**PROVIDED INFORMATION:**
════════
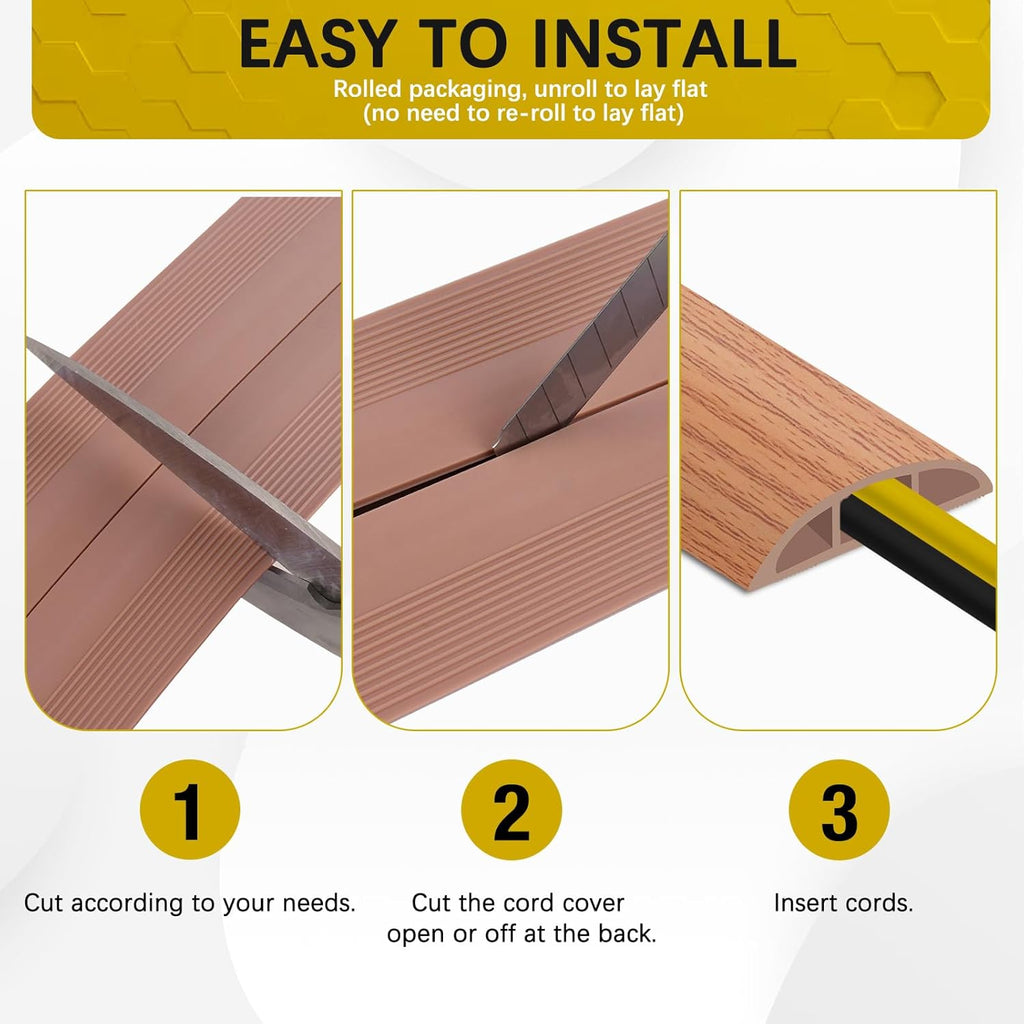 Floor Cord Cover 3.3FT Cord Covers for Wires on Floor Protect Wires & Prevent Trip Hazards, Easy to Cut for Home, Office, School, Concerts, Cavity W0.6in x H0.32in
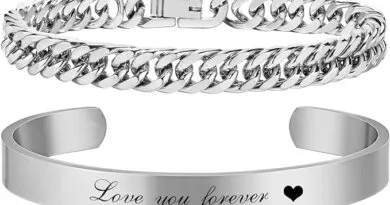 Personalised Bracelets for Men Stainless Steel Cuban Link Chain and Cuff Bangle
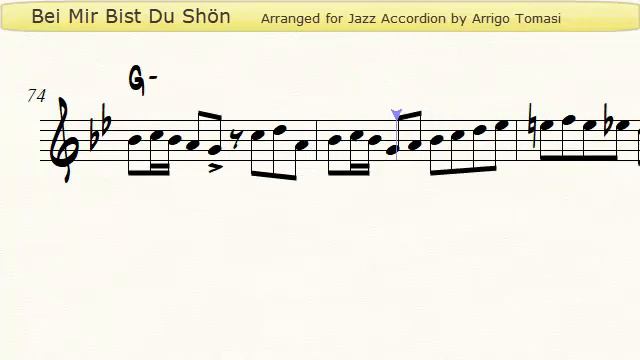 Bei Mir Bist Du Schön - Jazz Accordion Sheet Music смотреть онлайн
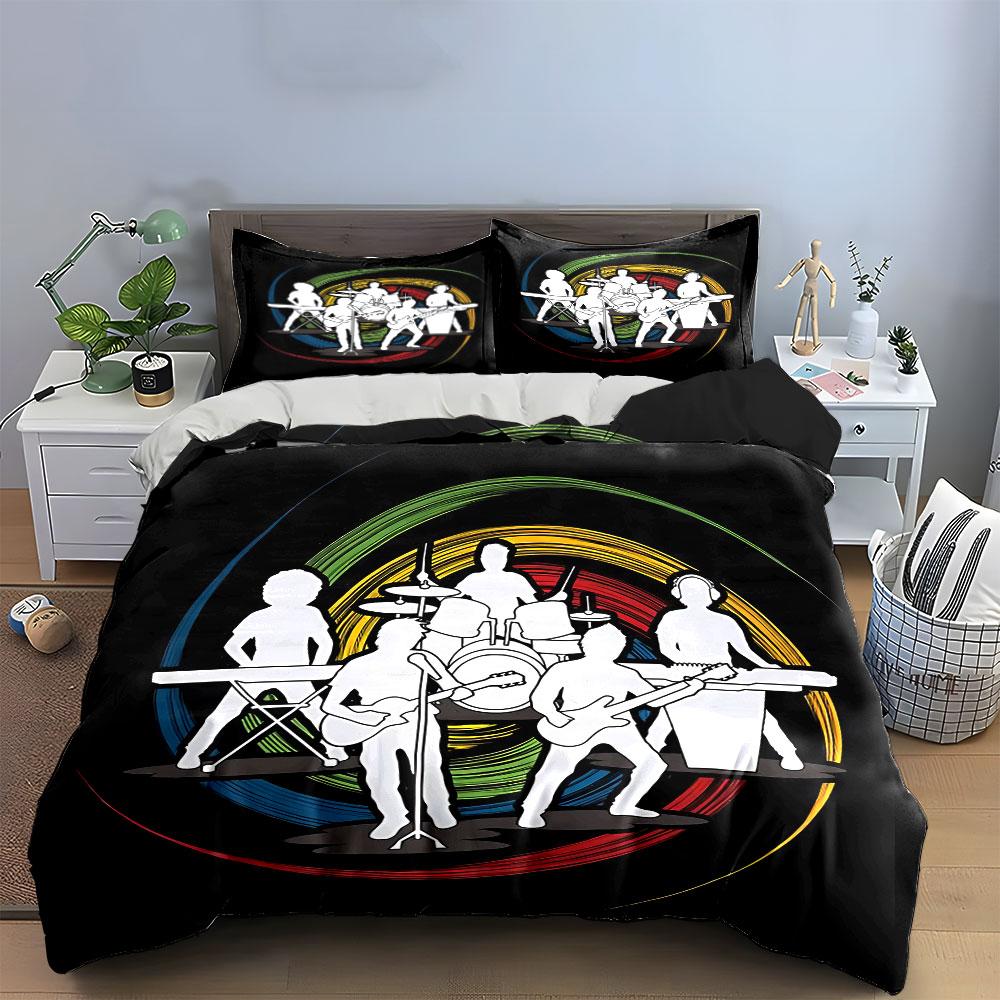 Musical Band Silhouette Design Bedding Duvet Cover Set Duvet Cover Pillowcases (1*Duvet Cover 2*Pillowcases, without duvet insert)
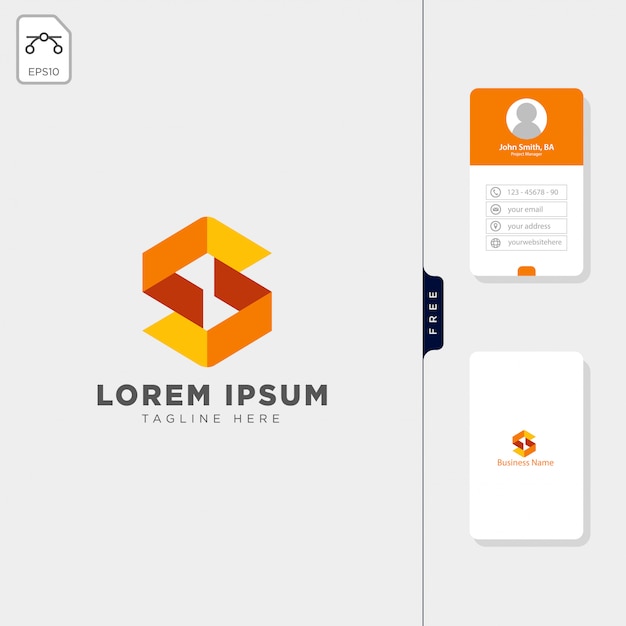 Conception de carte de visite gratuite de modèle de logo initial minimal s Vecteur Premium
════════
**REQUIRED WORK:** Restate word for word every line from the top of the entries above to the line with "Bei Mir Bist", inclusive, and skip any pictures.

**PROBLEM SOLUTION:**
 Floor Cord Cover 3.3FT Cord Covers for Wires on Floor Protect Wires & Prevent Trip Hazards, Easy to Cut for Home, Office, School, Concerts, Cavity W0.6in x H0.32in
 Personalised Bracelets for Men Stainless Steel Cuban Link Chain and Cuff Bangle
 Bei Mir Bist Du Schön - Jazz Accordion Sheet Music смотреть онлайн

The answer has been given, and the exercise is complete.